Project Name: HAIMOS Ensemble Forecasts for Intra-day and Day-Ahead GHI, DNI and Ramps
Funding Opportunity: Solar Forecasting 2
SETO Subprogram: Systems Integration
Location: San Diego, CA
SETO Award Amount: $1,316,203
Awardee Cost Share:  $162,500
Principal Investigator: Carlos F. M. Coimbra

This project will develop the Hybrid Adaptive Input Model Objective Selection (HAIMOS) ensemble model for solar irradiance forecasting. HAIMOS is a physics-based and data-driven model that forecasts both direct normal irradiance (DNI) and global horizontal irradiance (GHI) for horizons up to 72 hours in advance. One of the key gaps in these technologies is the lack of accurate solar forecasts for DNI and inaccurate forecasting of large, sudden changes in irradiance, known as irradiance ramps. This project aims to develop a forecast accuracy that is considerably higher than that of the persistence or baseline forecast, across a wide range of time horizons for both GHI and DNI.

APPROACH

This model combines numerical weather prediction forecasts, deterministic and physics-based algorithms, and new-generation cloud-cover products like high-resolution rapid refresh satellite images and large eddy simulations (LES), which are mathematical models that simulate atmospheric air currents.

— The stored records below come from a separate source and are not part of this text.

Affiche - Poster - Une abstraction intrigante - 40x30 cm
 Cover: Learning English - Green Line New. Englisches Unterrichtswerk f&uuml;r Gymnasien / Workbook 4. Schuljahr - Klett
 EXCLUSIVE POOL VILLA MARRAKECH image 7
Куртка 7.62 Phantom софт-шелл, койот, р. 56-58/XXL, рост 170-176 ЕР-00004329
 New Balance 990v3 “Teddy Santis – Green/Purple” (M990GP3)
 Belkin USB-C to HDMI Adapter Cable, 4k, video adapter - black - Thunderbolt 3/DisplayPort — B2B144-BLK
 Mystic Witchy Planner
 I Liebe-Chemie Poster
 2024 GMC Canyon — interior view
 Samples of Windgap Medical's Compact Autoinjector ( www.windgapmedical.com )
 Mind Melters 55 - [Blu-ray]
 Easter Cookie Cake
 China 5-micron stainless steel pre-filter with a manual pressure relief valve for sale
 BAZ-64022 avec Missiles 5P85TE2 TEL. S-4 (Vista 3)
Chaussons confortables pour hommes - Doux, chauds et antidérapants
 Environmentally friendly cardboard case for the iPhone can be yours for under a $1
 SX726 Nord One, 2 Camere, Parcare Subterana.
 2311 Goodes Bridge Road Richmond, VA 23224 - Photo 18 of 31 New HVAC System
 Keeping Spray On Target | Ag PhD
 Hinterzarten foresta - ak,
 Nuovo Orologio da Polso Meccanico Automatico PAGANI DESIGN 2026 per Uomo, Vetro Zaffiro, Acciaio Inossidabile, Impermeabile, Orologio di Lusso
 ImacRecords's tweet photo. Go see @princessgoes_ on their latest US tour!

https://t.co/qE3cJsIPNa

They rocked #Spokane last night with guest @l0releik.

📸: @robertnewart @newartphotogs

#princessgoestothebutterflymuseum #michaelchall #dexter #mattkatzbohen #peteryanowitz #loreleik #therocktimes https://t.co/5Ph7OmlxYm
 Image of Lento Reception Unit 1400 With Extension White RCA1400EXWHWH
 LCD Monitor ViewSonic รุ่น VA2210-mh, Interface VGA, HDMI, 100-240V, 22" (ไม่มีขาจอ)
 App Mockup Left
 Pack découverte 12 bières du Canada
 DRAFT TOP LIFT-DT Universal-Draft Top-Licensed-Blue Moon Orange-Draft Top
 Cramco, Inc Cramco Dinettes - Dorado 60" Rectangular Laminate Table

Data preprocessing, input selection, and error metrics, will be optimized to reduce DNI and GHI forecast error and improve the prediction of ramp onset. The research team will focus on improving cloud identification and forecasting of both cloud cover and cloud optical depth or opacity. They will then develop improved algorithms to identify whether a cloud exists in a particular location, what type it is, and the value of certain parameters that describe its behavior. The final forecasts will adaptively take into account the advanced imagery and various other inputs and data-streams.

INNOVATIONS

HAIMOS combines the latest innovations in machine-learning algorithms with detailed physics-based models for forecasting cloud cover and cloud optical depth. Another innovation is the integration of information derived from the high-resolution sensors in the new geostationary satellites and cloud cover simulations from LES. Both of these technologies enable the spatial-temporal sensing and modeling of clouds—data collected across time and space—at much higher resolutions than previously available.